Join our mailing list for Real Estate News, Events, Insights & Resources.

Mexico’s industrial sector is not moving in lockstep. Production and industrial occupancy data show a selective pattern, where growth is concentrated in a handful of productive chains while the rest of the manufacturing base is barely keeping pace.
On the one hand, the manufacturing physical volume index (INEGI), compared against the 2018 base and the most recent year-over-year variation, confirms this divergence. Only certain segments—particularly those tied to exports and technology supply chains—remain clearly above their pre-pandemic levels, while a significant portion of the industrial base still operates near or below that benchmark.
The contrast is clearly visible in the levels. As of the end of 2025, the total industrial index stands just 1.7% above the 2018 benchmark, and manufacturing overall shows only moderate growth. However, when broken down by sector, the gap widens: computer and electronic components (≈23%) and electrical equipment (≈18%) post clear gains relative to the pre-pandemic period, while mining (≈-10%) and oil and gas extraction (≈-9%) remain below prior levels.
Along the same lines, subsectors such as petroleum derivatives, electronics, machinery, food and construction remain above the index average. At the same time, a broad group of traditional industries—including chemicals, wood, furniture, apparel and leather—continues to lag and in some cases posts recent declines. Industrial momentum is therefore concentrating in activities with greater production scale, external integration or relatively inelastic demand.

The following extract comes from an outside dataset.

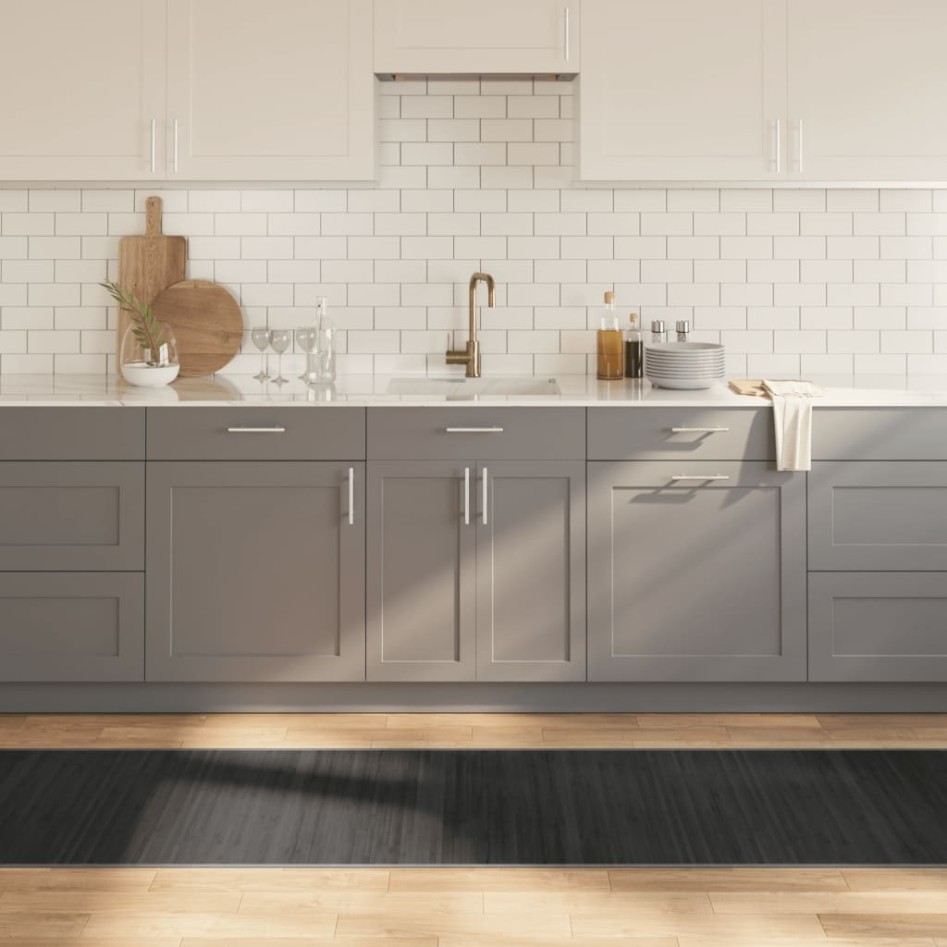 Alfombra rectangular bambú gris 70x500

In the following chart, the horizontal axis reflects each sector’s structural position relative to the 2018 base, while the vertical axis captures its recent annual variation. The intersection of both dimensions distinguishes which sectors combine structural expansion with current momentum and which remain in adjustment or partial recovery phases. Those above the base level and posting positive growth concentrate today’s strongest productive traction and industrial space absorption; those still above the base but with recent declines point to maturation phases. By contrast, sectors advancing from levels still below the pre-pandemic threshold reflect cyclical recoveries, while those that remain below and are contracting mark the main pockets of structural weakness.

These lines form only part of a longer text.